I Don’t Wear Heels/Bras/Nylons/Makeup
My Feminist Manifesto
When I was a teenager, I wore heels because that was what girls did. It was required. For church. For special occasions. For interviews. For jobs in a corporate office. I often wore makeup and nylons, as well. Of course I wore a bra. If you have breasts, you must wear a bra. It’s disgusting not to wear a bra. Your breasts will bob about. And besides, everyone knows that if you don’t wear a bra, your breasts will sag down to your navel and you will regret it.
When I became a stay-at-home mom and left the corporate world, I didn’t wear skirts and heels and makeup anymore. Except for church and on special occasions. Like getting family pictures taken. And then I realized that wearing sneakers was so much better on my feet when I was heavily pregnant. Just, so much better. My back pain became so much better when I just started to wear sneakers, even to church. Of course, I had an exemption. I was pregnant. I got to break the rules of femininity when I was pregnant.
Slowly, over the years, I got rid of my nail polish. My makeup. My nylons (no one wears them anymore now, yes, I know that. Lucky you). And then I qualified for the Boston Marathon in 2017. The price of this was a long-term Achilles problem. But of course, I didn’t stop training. That wasn’t one of the possible choices I had to relieve my pain. So I started to wear heels again to church on Sunday. Even though I wasn’t pregnant. When the little girls (who were forced to wear uncomfortable Sunday shoes every week) asked why I was wearing those ugly sneakers, I explained about my injury. Yes, special rules for me. I didn’t have to wear shoes that made it worse.
I never went back to wearing Sunday shoes. At some point, in the midst of the divorce in 2020, I made a choice. I got rid of every dress I owned. They held bad memories of those last years of church when I felt so unwelcome, so judged as evil and insufficiently faithful. I threw out all my church shoes, too. All I had left were a pair of sandals, a pair of boots for winter, and several pairs of sneakers in various levels of good repair (the nice pair for running long distances, the less nice pair for short distances and the really ratty pair for wearing on walks).
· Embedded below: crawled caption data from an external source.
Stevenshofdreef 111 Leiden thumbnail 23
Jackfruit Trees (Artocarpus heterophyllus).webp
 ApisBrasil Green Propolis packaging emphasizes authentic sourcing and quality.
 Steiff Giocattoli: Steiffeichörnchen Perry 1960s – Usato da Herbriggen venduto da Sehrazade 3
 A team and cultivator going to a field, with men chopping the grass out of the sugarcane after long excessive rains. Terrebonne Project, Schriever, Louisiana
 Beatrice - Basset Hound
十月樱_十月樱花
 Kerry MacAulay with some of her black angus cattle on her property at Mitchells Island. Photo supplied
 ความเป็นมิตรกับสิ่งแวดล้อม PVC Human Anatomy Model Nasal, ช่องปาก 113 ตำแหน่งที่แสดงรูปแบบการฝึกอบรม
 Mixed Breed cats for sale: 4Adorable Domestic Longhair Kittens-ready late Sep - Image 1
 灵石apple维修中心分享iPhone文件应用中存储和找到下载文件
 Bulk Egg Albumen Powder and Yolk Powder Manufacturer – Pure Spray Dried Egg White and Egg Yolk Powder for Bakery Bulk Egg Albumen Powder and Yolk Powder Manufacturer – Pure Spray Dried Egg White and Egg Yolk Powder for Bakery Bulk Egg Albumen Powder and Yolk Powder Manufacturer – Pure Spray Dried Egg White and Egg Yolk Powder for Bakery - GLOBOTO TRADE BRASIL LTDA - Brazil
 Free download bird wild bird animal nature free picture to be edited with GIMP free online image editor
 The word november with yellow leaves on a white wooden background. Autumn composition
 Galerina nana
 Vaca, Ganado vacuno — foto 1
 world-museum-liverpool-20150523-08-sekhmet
I used to wear shoes all day long. And then I stopped wearing them around the house. I left them at the door. Now I realize how much I hate shoes. Yes, they are a necessary evil. They protect my feet from the painful rocks and glass that are on the ground outside. They allow me to walk, and sometimes, to run. But I do not like them.
I stopped wearing makeup somewhere in there, not even for photos. That was partly because a friend saw a photo I’d had taken for my big book debut (The Bishop’s Wife) and said she couldn’t even recognize me. “Why would you want a photo that doesn’t even look like you?” She told me I should either wear makeup regularly or—have a photo taken without makeup. It was 2019 when I was brave enough to do that. I loved the photo so much! I call it my “don’t fuck with me” photo.
And now, I don’t wear makeup anymore. I’ve had two children get married in the last four months. I probably should have caved and worn heels. I kept telling myself I was going to do that. A small sacrifice for the sake of the all-important wedding photos. My older sister offered to buy them for me for my birthday as a gift. We had them all picked out. She’d taken me to the mall to try on shoes at a department store and these were the lesser of all the evils. But no, I never bought them. I DID buy a pair of shoes for the second wedding. Not heels, but flats. They were—uncomfortable.
As for bras, when I left Mormonism and stopped wearing the garments, I found that bras were extremely uncomfortable right next to my skin. So I moved to entirely sports bras or “sleep bras.” Who knew that there were sleep bras? Bras so comfortable you’d war them to bd? Why didn’t anyone tell me about this before? Oh, yes, they did. But I didn’t listen because I thought that I was supposed to be constantly worried if my breasts looked good enough to make m appear properly female. Who cares about that? Not me, not anymore.
Why is it that women must wear uncomfortable clothing and footwear and apply expensive creams to their faces and take time to curl and dry and primp their hair? Why? It’s been a slow revolution for me. I never intended for it to be a battle cry. It is a giving up. I just don’t care enough anymore for the rewards that come with being viewed as sufficiently feminine. Or maybe I was never good enough at those rules for me to feel like I’d been accepted into the club.
I’m aware that there is a tax that women pay. They can pay it in the makeup and heels and the cost of all the time and energy that women spend and men do not so that they can be seen as equal, or close enough to it in the corporate world to be considered for promotions, to be “leadership material.” I pay a different price. I pay the price of not being leadership material. And I find I care less about this than I thought I would. I’m not ambitious anymore. I want enough. I don’t need money to buy status. Other people can have it. It costs too much of me, and it costs me resources that I find I can’t restore anymore.
I am getting old. I can wear purple now. And I can wear ugly shoes. And no makeup. I can look and be myself. Most of the time.